━━ Dataset extract

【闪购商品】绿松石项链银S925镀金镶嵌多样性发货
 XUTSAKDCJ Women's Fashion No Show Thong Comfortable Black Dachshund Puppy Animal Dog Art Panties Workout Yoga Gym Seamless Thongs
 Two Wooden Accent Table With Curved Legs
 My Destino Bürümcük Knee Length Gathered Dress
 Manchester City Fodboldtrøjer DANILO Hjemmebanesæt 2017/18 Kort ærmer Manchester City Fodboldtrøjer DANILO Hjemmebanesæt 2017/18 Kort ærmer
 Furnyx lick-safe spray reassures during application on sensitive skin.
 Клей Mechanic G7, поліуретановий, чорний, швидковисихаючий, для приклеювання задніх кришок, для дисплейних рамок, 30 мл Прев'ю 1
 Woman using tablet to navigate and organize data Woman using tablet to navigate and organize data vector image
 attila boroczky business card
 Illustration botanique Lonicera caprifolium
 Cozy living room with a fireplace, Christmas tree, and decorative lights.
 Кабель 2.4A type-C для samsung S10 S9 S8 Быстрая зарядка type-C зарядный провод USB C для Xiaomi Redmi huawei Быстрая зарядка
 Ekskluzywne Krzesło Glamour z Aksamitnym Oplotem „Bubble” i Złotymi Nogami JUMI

━━━━

Would you set down all of the entries again, word for word?

● Response to the task:
【闪购商品】绿松石项链银S925镀金镶嵌多样性发货
 XUTSAKDCJ Women's Fashion No Show Thong Comfortable Black Dachshund Puppy Animal Dog Art Panties Workout Yoga Gym Seamless Thongs
 Two Wooden Accent Table With Curved Legs
 My Destino Bürümcük Knee Length Gathered Dress
 Manchester City Fodboldtrøjer DANILO Hjemmebanesæt 2017/18 Kort ærmer Manchester City Fodboldtrøjer DANILO Hjemmebanesæt 2017/18 Kort ærmer
 Furnyx lick-safe spray reassures during application on sensitive skin.
 Клей Mechanic G7, поліуретановий, чорний, швидковисихаючий, для приклеювання задніх кришок, для дисплейних рамок, 30 мл Прев'ю 1
 Woman using tablet to navigate and organize data Woman using tablet to navigate and organize data vector image
 attila boroczky business card
 Illustration botanique Lonicera caprifolium
 Cozy living room with a fireplace, Christmas tree, and decorative lights.
 Кабель 2.4A type-C для samsung S10 S9 S8 Быстрая зарядка type-C зарядный провод USB C для Xiaomi Redmi huawei Быстрая зарядка
 Ekskluzywne Krzesło Glamour z Aksamitnym Oplotem „Bubble” i Złotymi Nogami JUMI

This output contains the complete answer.